§ Exercise objective
Begin at the line containing "Normally, we'll create" in the data below and go on through the line containing "Do you see the", repeating each line exactly; include both ends and no other line.

§ Data shown
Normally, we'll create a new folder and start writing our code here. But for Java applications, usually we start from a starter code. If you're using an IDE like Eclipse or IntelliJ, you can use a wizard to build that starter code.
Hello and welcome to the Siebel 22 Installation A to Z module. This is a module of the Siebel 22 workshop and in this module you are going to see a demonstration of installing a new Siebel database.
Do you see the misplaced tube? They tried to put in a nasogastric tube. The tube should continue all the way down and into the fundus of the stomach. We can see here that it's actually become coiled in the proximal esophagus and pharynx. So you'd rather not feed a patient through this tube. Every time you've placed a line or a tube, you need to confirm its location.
---
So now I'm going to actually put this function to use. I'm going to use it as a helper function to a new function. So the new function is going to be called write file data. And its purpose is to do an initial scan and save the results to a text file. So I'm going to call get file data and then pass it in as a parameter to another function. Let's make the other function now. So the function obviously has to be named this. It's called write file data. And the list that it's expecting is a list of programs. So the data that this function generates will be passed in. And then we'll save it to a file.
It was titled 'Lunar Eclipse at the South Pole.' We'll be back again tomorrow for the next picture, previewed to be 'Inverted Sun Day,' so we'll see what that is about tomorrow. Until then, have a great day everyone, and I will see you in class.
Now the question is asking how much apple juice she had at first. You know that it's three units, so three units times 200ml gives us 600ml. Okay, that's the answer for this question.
...
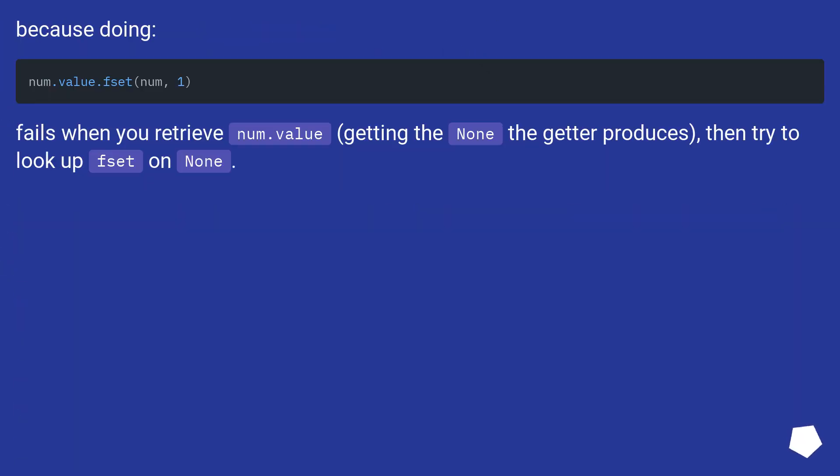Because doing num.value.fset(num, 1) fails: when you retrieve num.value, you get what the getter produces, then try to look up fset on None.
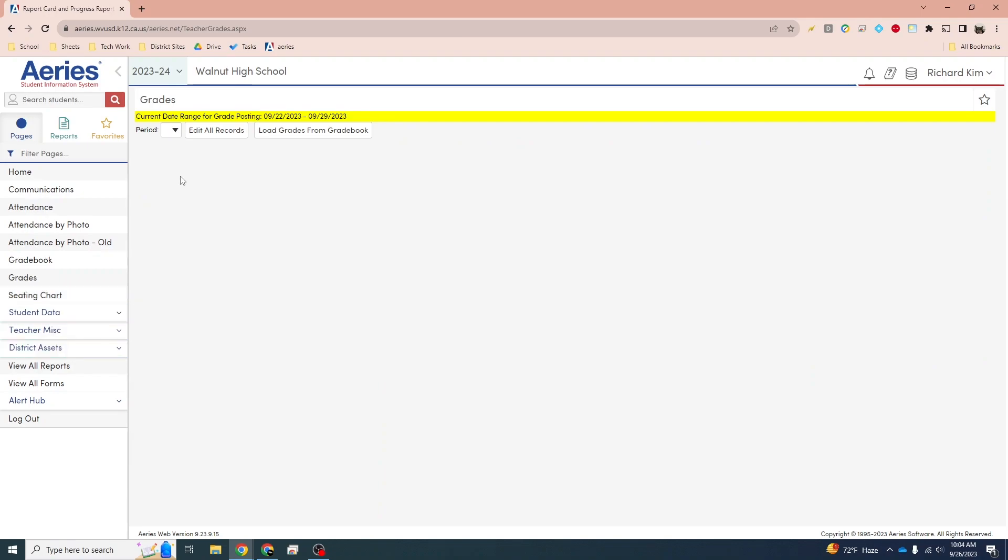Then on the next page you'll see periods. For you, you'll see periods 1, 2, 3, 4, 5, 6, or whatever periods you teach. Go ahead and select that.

§ Exercise result
Normally, we'll create a new folder and start writing our code here. But for Java applications, usually we start from a starter code. If you're using an IDE like Eclipse or IntelliJ, you can use a wizard to build that starter code.
Hello and welcome to the Siebel 22 Installation A to Z module. This is a module of the Siebel 22 workshop and in this module you are going to see a demonstration of installing a new Siebel database.
Do you see the misplaced tube? They tried to put in a nasogastric tube. The tube should continue all the way down and into the fundus of the stomach. We can see here that it's actually become coiled in the proximal esophagus and pharynx. So you'd rather not feed a patient through this tube. Every time you've placed a line or a tube, you need to confirm its location.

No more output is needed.